I have a map of the United States that I frequently look at, which shows, as dots on the landscape of this country, federally recognized reservations, off-reservation trust lands, and state reservations - of Native Americans. And each one of these dots on a map represents a historic problem between Whites (in the private and public sector) and Native Americans that has a painful legacy bearing on the quality of life for tribal members today. A positive step toward repairing this problem, in my view, would be to consider granting Native Americans management transfers in all areas where national refuge areas and parks are on tribal land. You could even justify doing so on conservative, neoconservative, and libertarian grounds, if you cared to be ideologically consistent. And there are others who could advocate for the same, according to their various worldviews. For example, as an economist, I can easily make arguments in favor of how such an initiative would make Native Americans major players in the tourism industry, attracting financial and human capital to their valuable physical capital, helping to move tribes beyond poverty and an accelerating reliance on casinos for economic development.

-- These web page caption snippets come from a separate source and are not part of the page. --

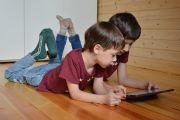 Kanada Ikutan Batasi Media Sosial untuk Anak di Bawah 16 Tahun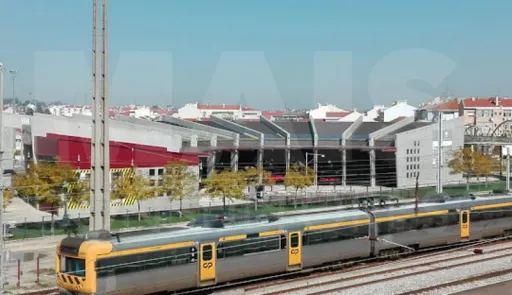 Garage in Entroncamento with 13m²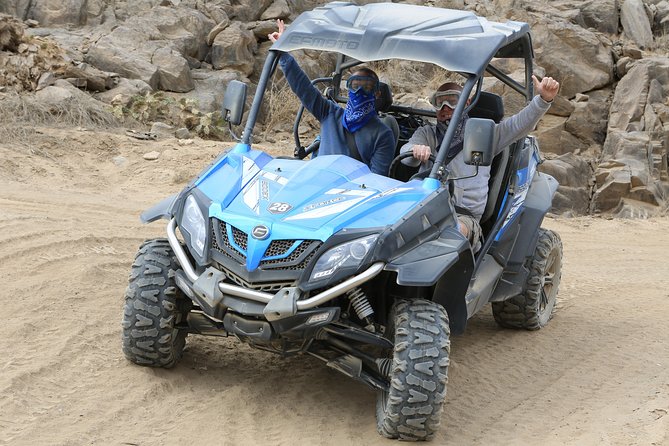 Buggy Tour Gran Canaria - Stop at the Ayagaures viewpoint, Pedro Gonzales style
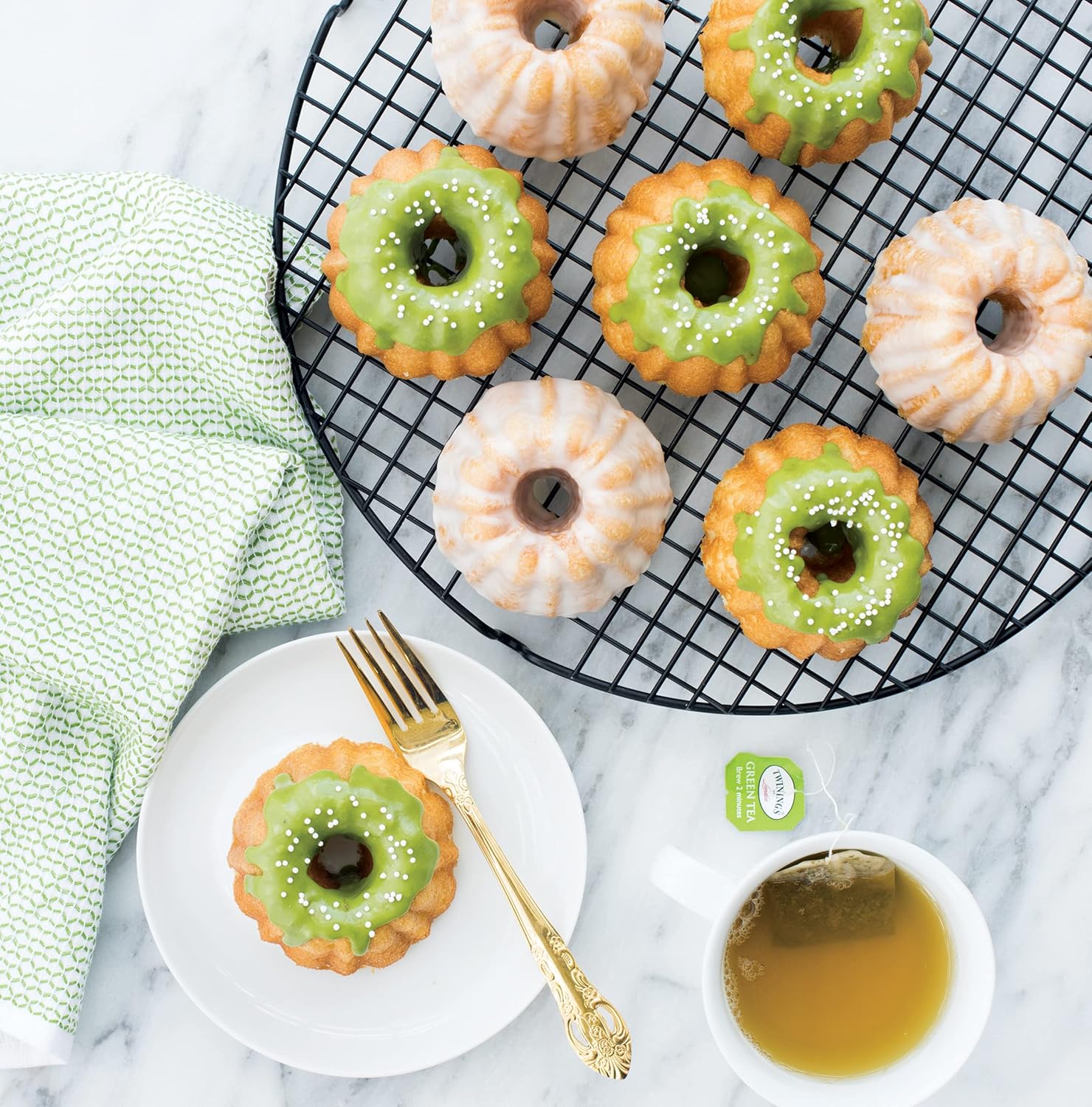 Nordic Ware Platinum Collection Anniversary Bundtlette Pan3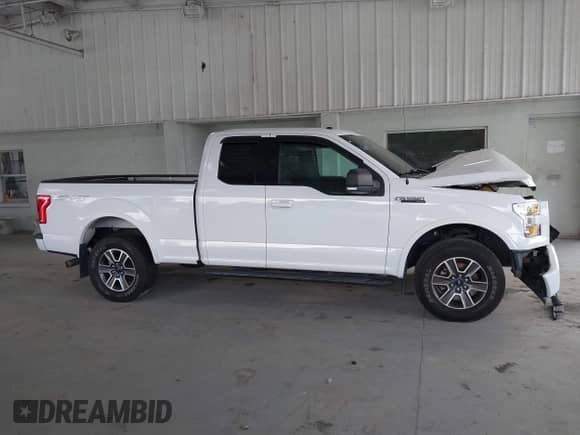 2017 Ford F-150 XL z VIN 1FTFX1EF8HKD70511, wystawiony jako IAAI lot #43022454 z przebiegiem 151 682 mil mil oraz . Historia ofert i sprzedaży dostępna na DreamBid. Obrazek 13.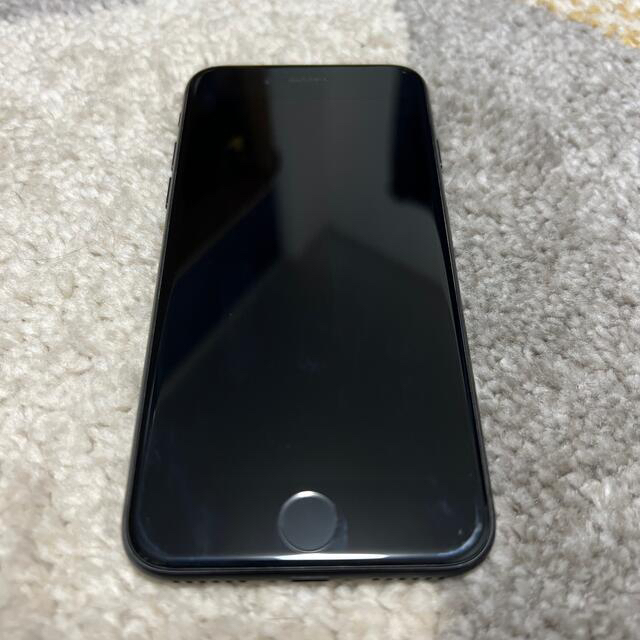iPhone(アイフォーン)のiPhone7 32GB モデルA1779 背面マット スマホ/家電/カメラのスマートフォン/携帯電話(スマートフォン本体)の商品写真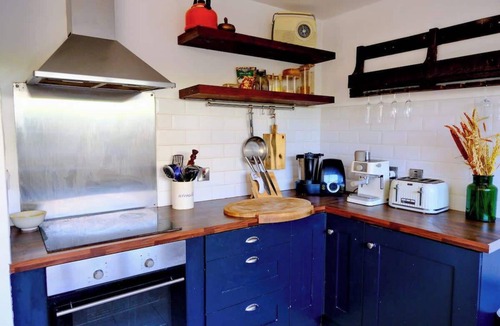 Londonderry House | Spacious 4BR Home near Derry & Foyle Golf Club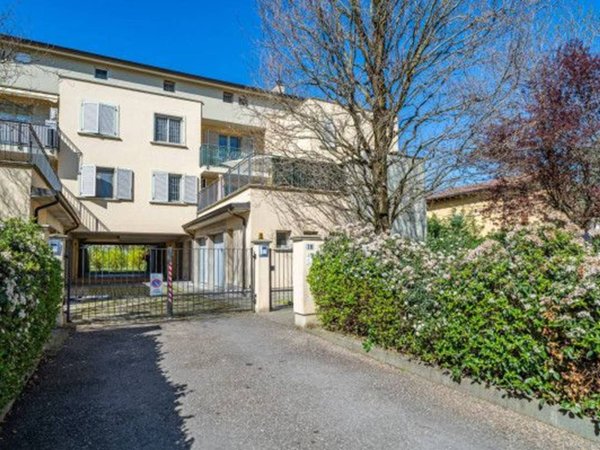 appartamento in vendita a Reggio nell'Emilia in zona Sesso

I know that the Salish and Kootenai tribes don't have a glitzy Madison Avenue public relations firm on retainer to get your attention; nor do they even have a website to make their case and cause known to the American public. And it is obvious that some of the tribes' worst enemies are taking advantage of that fact. But you, as a respected professional journalist can overcome that deficit in convenience. No matter what your conclusion on the matter, you still should have more thoroughly included the views of the Confederated Salish and Kootenai Tribes in your article.
Be careful in how you handle the native people of this hemisphere, as there is a saying, "justice never sleeps". Perhaps it can become a guiding principle, for relations between the United States Government and all Native American tribes, as well as reporting on the subject.
You never know who (or Whom) is reading what you write.